Stability is one important aspect to consider when selecting the type of material to be used for flooring. Most of us consider stability only in the sense of how much a certain measure of wood shrinks as it dries. There are other factors that are necessary to review when considering something as stable.

Wood is dimensionally stable when the moisture content is above the fiber saturation point. Wood changes dimensions as it gains or loses moisture below that point. It shrinks when losing moisture in the cell walls and swells when gaining moisture. This shrinking and swelling may result in warping, either sideways developing a "crook," bow, or twist; or across the grain showing itself as a "cup."

Wood shrinks most in the direction of the annual growth rings (tangentially), about one-half as much as across the rings (radially), and only slightly along the grain (longitudinally). The combined effects of radial and tangential shrinkage can distort the shape of wood pieces because of the difference in shrinkage and the curvature of the growth rings.

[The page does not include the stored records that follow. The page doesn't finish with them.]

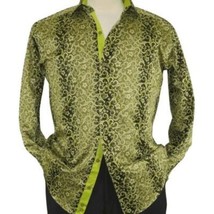 Men Shirt J.Valintin Turkey-Usa 100% Egyption Cotton Axxess Style 1646-08 Olive image 2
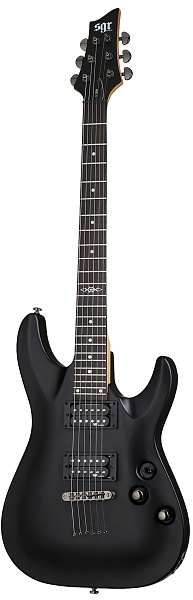 Электрогитара SCHECTER [C-1 SGR BY SCHECTER MSBK] электрогитара 6-струнная, с чехлом, корпус: липа, гриф: клен, накладка: палисандр, 24 лада, цвет Midnight Satin Black (MSBK)
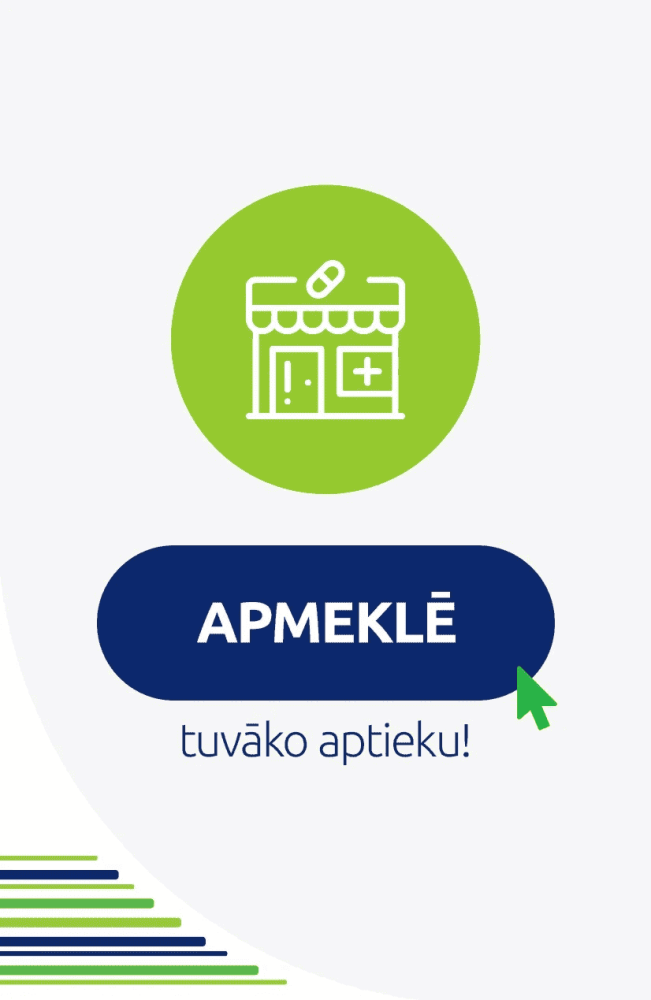 Apmeklē tuvāko aptieku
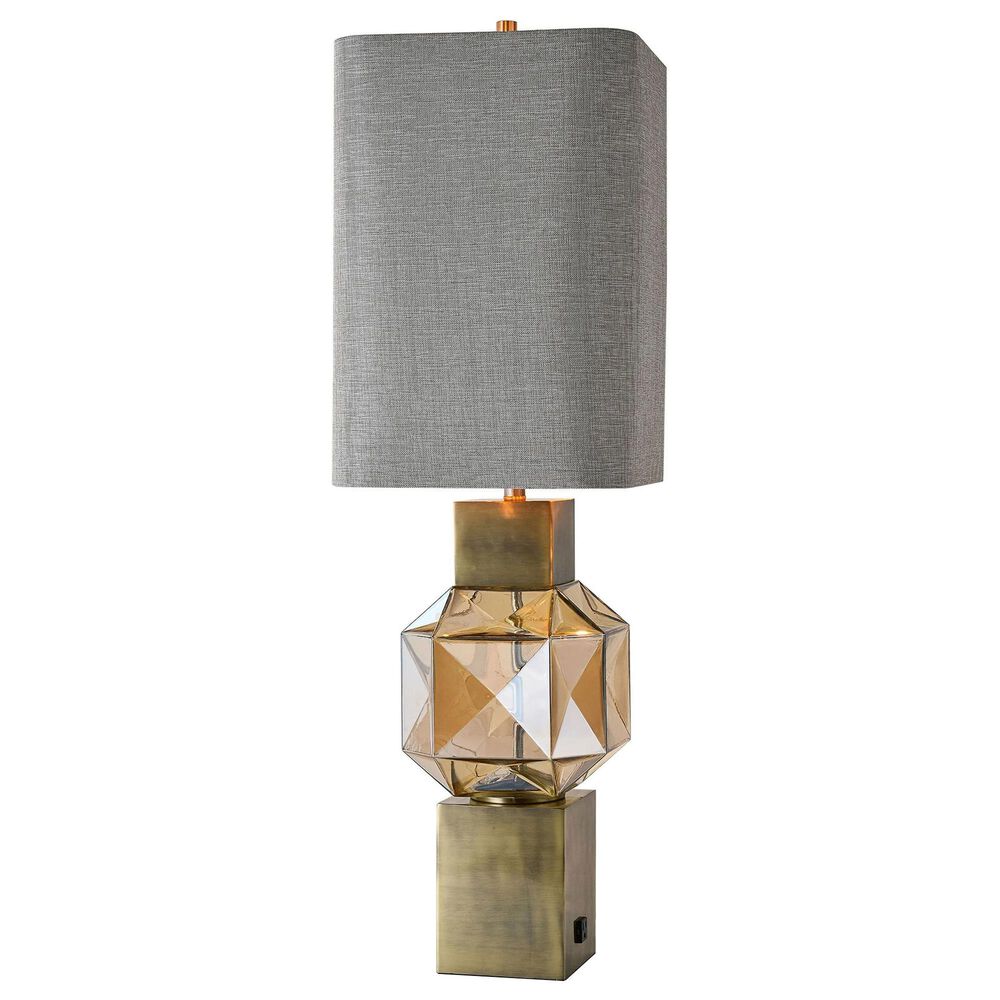 Flair Industries Beverly Table Lamp in Antique Brass, , large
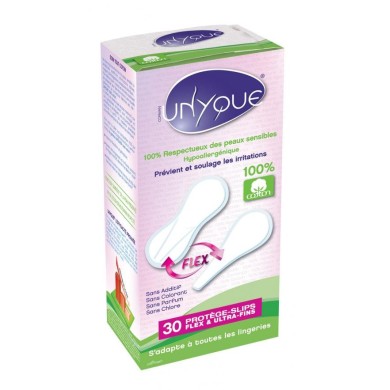 UNYQUE Boite de 30 protège-slips flex et ultra fins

The numbers in the chart reflect the dimensional change coefficient for the various species, measured as tangential shrinkage or swelling within normal moisture content limits of 6-14 percent. Tangential change values will normally reflect changes in plainsawn wood. Quartersawn wood will usually be more dimensionally stable than plainsawn.

The dimensional change coefficient can be used to calculate expected shrinkage or swelling. Simply multiply the change in moisture content by the change coefficient, then multiply by the width of the board. Example: A mesquite board (change coefficient = .00129) 5 inches wide experiences a moisture content change from 6 to 9 percent a change of 3 percentage points

Calculation: 3 x .00129 = .00387 x 5 = .019 inches.

In actual practice, however, change would be diminished in a complete floor, as the boards proximity to each other tends to restrain movement.

Although some tropical woods such as Australian Cypress, Brazilian Cherry, Merbau and Wenge appear in this chart to have excellent moisture stability compared to Northern Red Oak , actual installations of many of these woods have demonstrated significant movement in use. To avoid problems later, extra care should be taken to inform potential users of these tendencies prior to purchase.  This chart is best used for comparison.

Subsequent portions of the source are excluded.